I didn’t really comment on So-bong as a character before, because I wanted to get a more comprehensive sense of her personality besides her being an opportunistic liar. She’s portrayed as cute and somehow likable despite her willingness to sell out a celebrity for money, but I appreciate that the show doesn’t let her immoral behavior slide just because she’s adorable. She’s definitely shown to have deserved what she got, and even her Dad, who previously doted on her and defended her, now openly shows how disappointed he is in her and even calls her trash. But So-bong is scrappy and tough, and she’s not afraid of confrontation, which is an admirable quality. Still, I like that So-bong is flawed and irrational and angry, because it gives her character a direction to grow in, and I’m looking forward to Nam Shin-III teaching So-bong to be more, well, human.

One thing I wasn’t expecting from this show was bromance, but I really love the energy between Young-hoon and Nam Shin-III. Young-hoon knows Shin very well, but he definitely doesn’t like him, and you can already tell that he’s starting to like Nam Shin-III. That little moment when Young-hoon smiled, and Nam Shin-III smiled back at him, was absolutely perfect. It wasn’t too much for this stage of their friendship, and it showed that there’s respect growing between them, and the potential for a wonderful friendship. Nam Shin-III has never had a male friend of roughly his own age, and I think I’m going to like seeing him making a friend as much as I’m going to enjoy watching him discovering romance.

I’m still just as impressed with Seo Kang-joon’s acting here, which is such a pleasant surprise. I thought he did a great job in the first episode distinguishing Shin from Nam Shin-III through his expressions and body language, but he stepped up his game in this episode by perfectly portraying Nam Shin-III-as-Shin. He had Shin’s smirk and swagger down to a tee, but whenever he dropped the facade to just be Nam Shin-III, it was a subtle but startling transformation. And more than once in this hour I found myself thinking, “Wow, Nam Shin-III does such a good impression of Shin!” before remembering that it’s the same actor, and not really someone else pretending to be Shin.
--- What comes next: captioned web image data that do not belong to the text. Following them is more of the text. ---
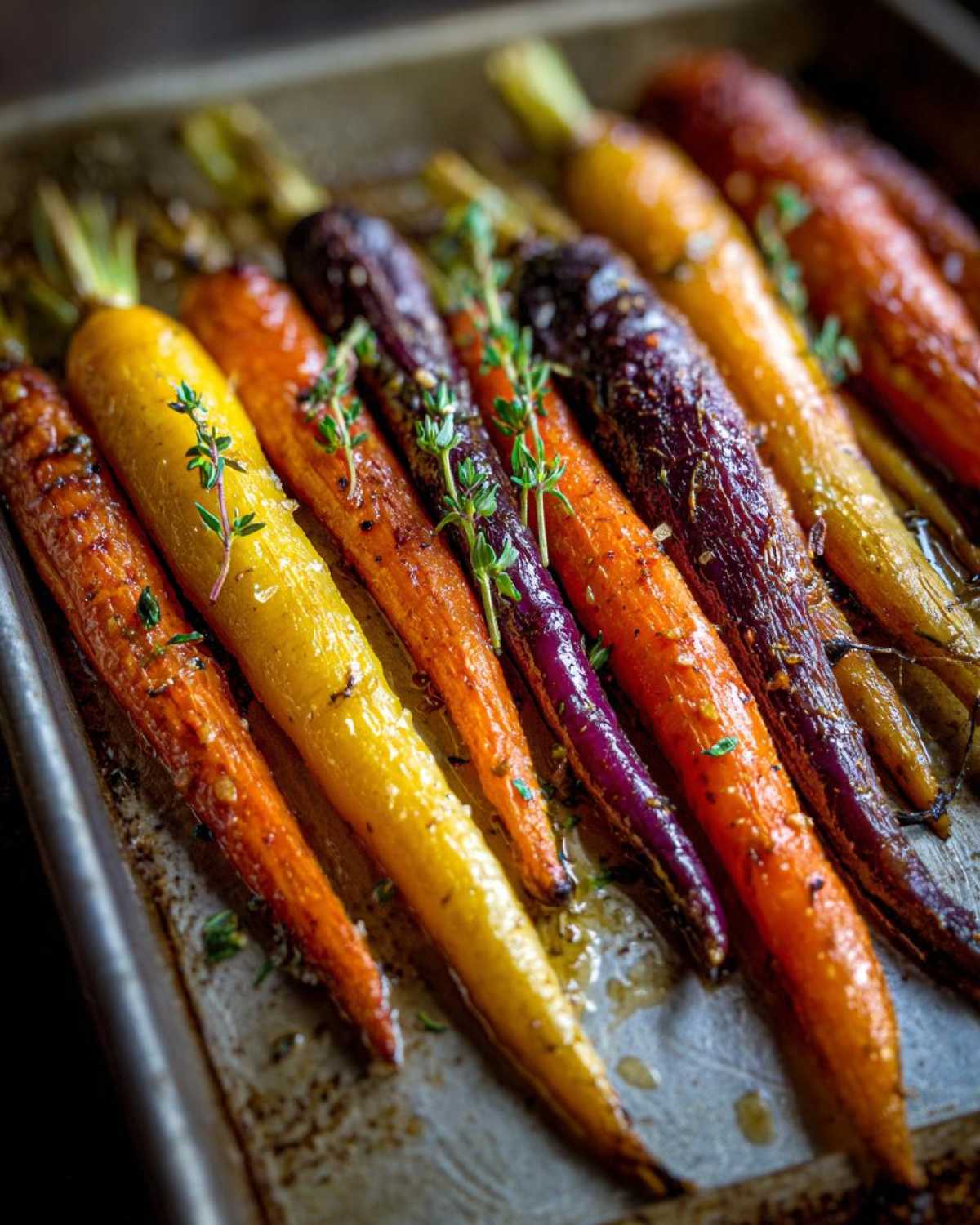 Close-up of vibrant Sheet Pan Roasted Rainbow Carrots with Honey, glistening with glaze and topped with fresh thyme.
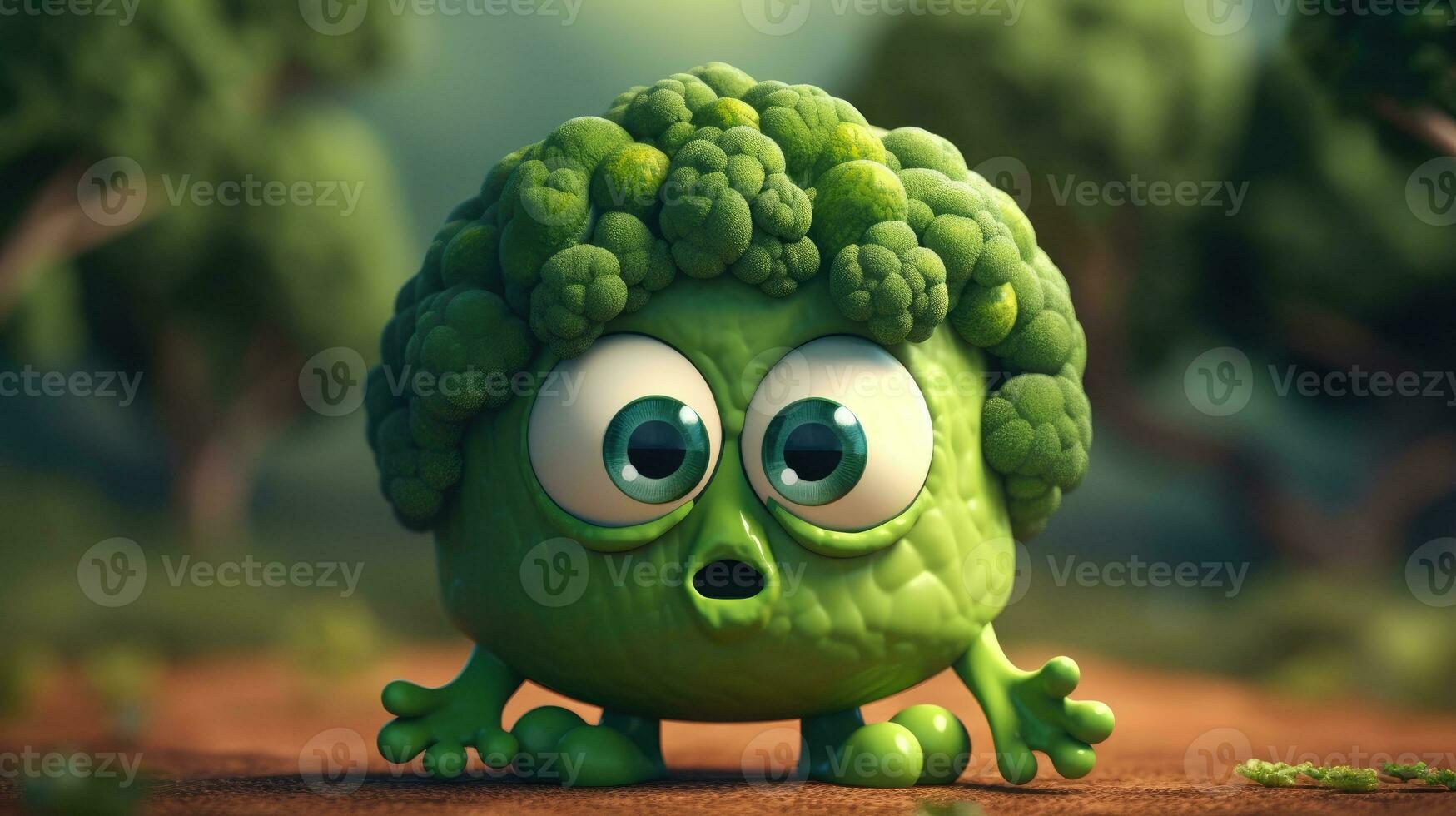 Adorable Broccoli Cartoon Character with Expressive Eyes photo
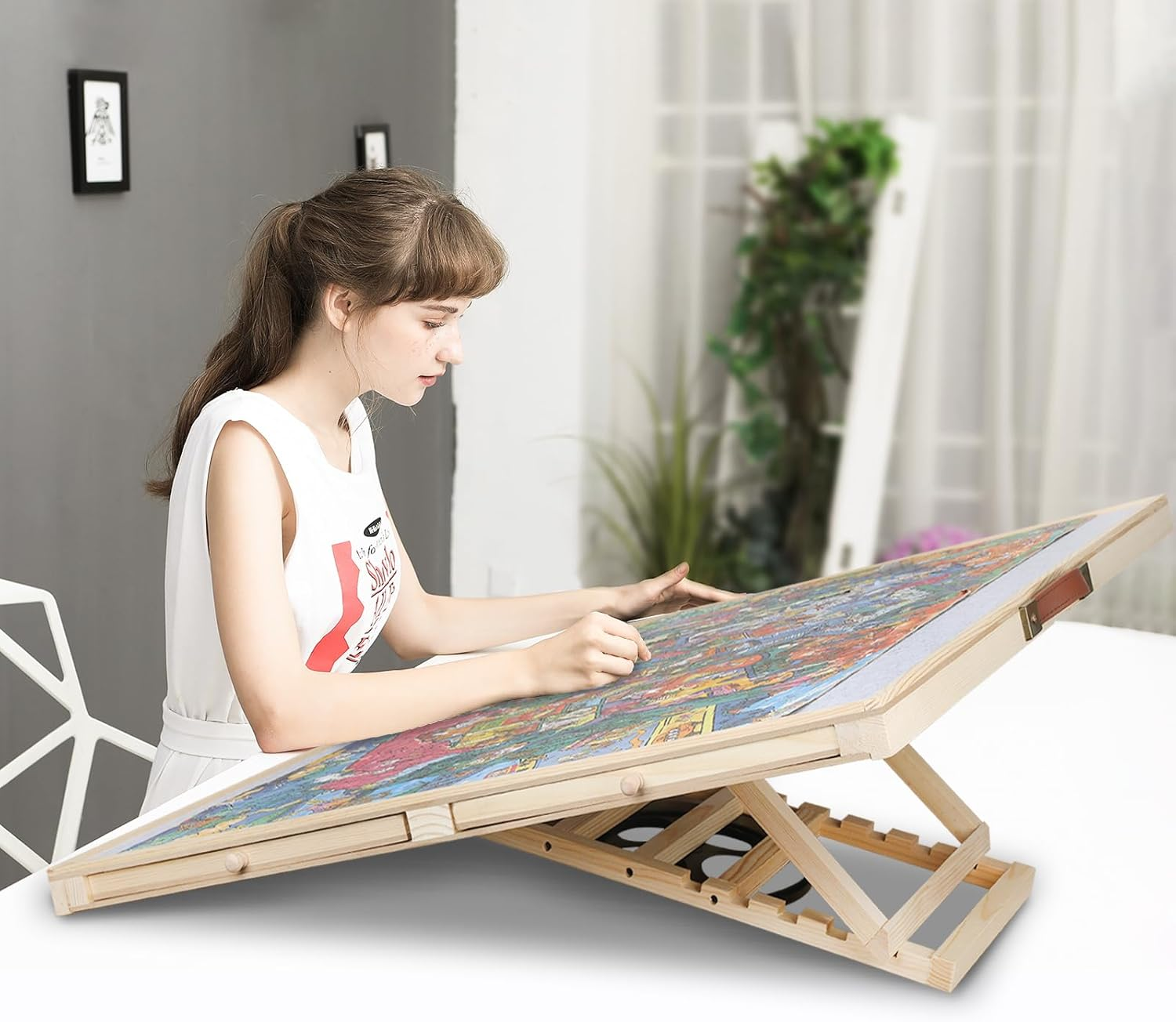 90X69Cm Rotating Jigsaw Puzzle Board with 6 Drawers & Lazy Susan - Premium Wooden Puzzle Table for Adults, Spinning Puzzle Board with Dustproof Clear Cover, Birthdays/Christmas (89X69Cm image number 2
I expect that part of Nam Shin-III’s story will involve his discovery that he’s not Ro-ra’s son the same way Shin is, and that he will struggle with the knowledge that she doesn’t love him the way she loves the son she gave birth to. But Ro-ra created Nam Shin-III and lived with him for twenty years, more than twice as long as she knew and lived with Shin, and she must have developed a mother’s love for him, as well. I hope the show addresses the fact that Nam Shin-III is also Ro-ra’s son — he’s every bit her creation, in some ways even more so than Shin, and loving Shin doesn’t mean that she doesn’t also love Nam Shin-III as a son.